[Start of section]
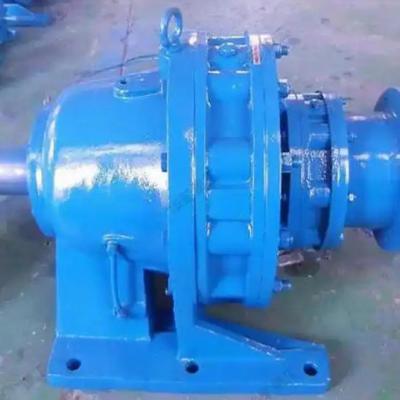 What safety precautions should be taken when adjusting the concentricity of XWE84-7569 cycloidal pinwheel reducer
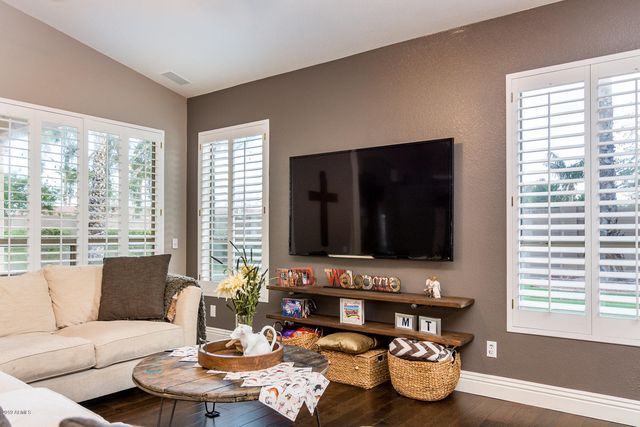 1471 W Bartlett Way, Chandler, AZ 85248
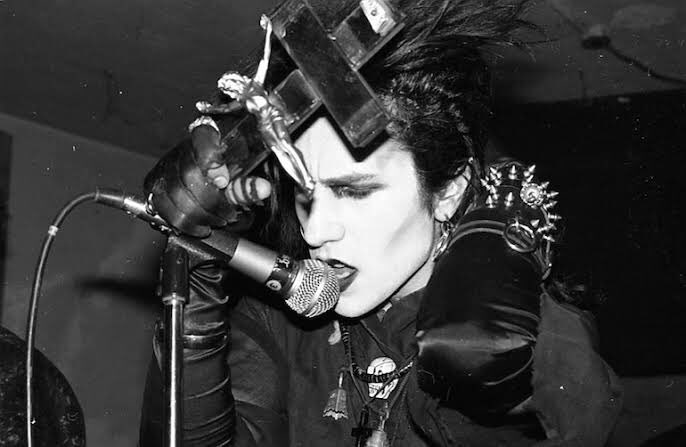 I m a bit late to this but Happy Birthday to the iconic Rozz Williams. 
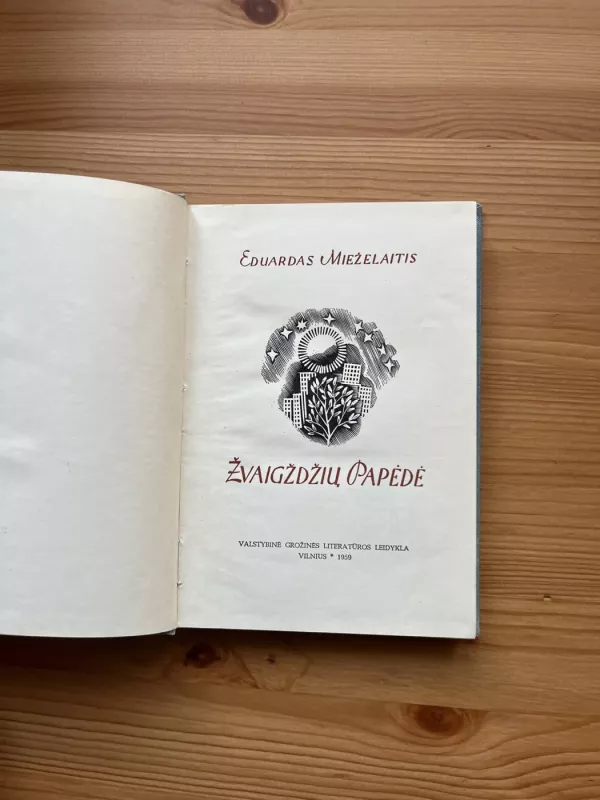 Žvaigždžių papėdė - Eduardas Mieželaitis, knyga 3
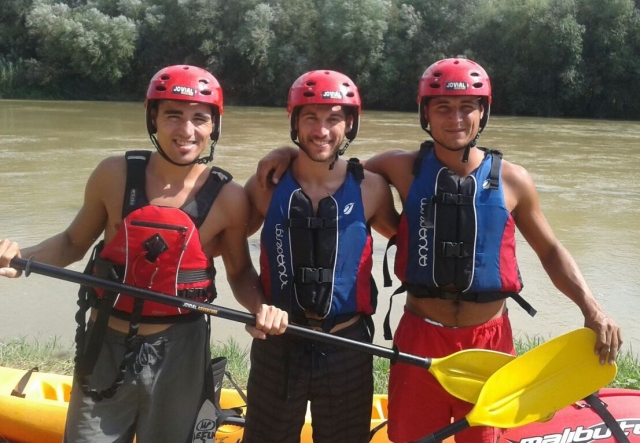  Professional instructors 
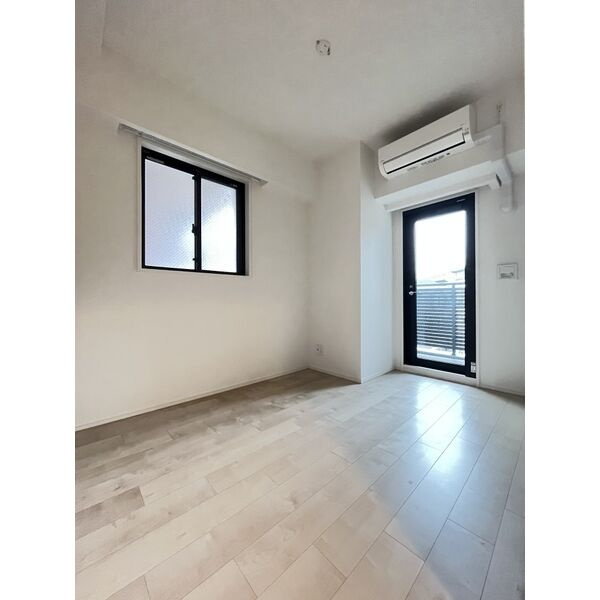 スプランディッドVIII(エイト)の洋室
[End of section]
_How to complete this task_. Copy the preceding data in full and word for word, dropping its pictures.

_Completed exercise_.
 What safety precautions should be taken when adjusting the concentricity of XWE84-7569 cycloidal pinwheel reducer
 1471 W Bartlett Way, Chandler, AZ 85248
 I m a bit late to this but Happy Birthday to the iconic Rozz Williams. 
 Žvaigždžių papėdė - Eduardas Mieželaitis, knyga 3
  Professional instructors 
 スプランディッドVIII(エイト)の洋室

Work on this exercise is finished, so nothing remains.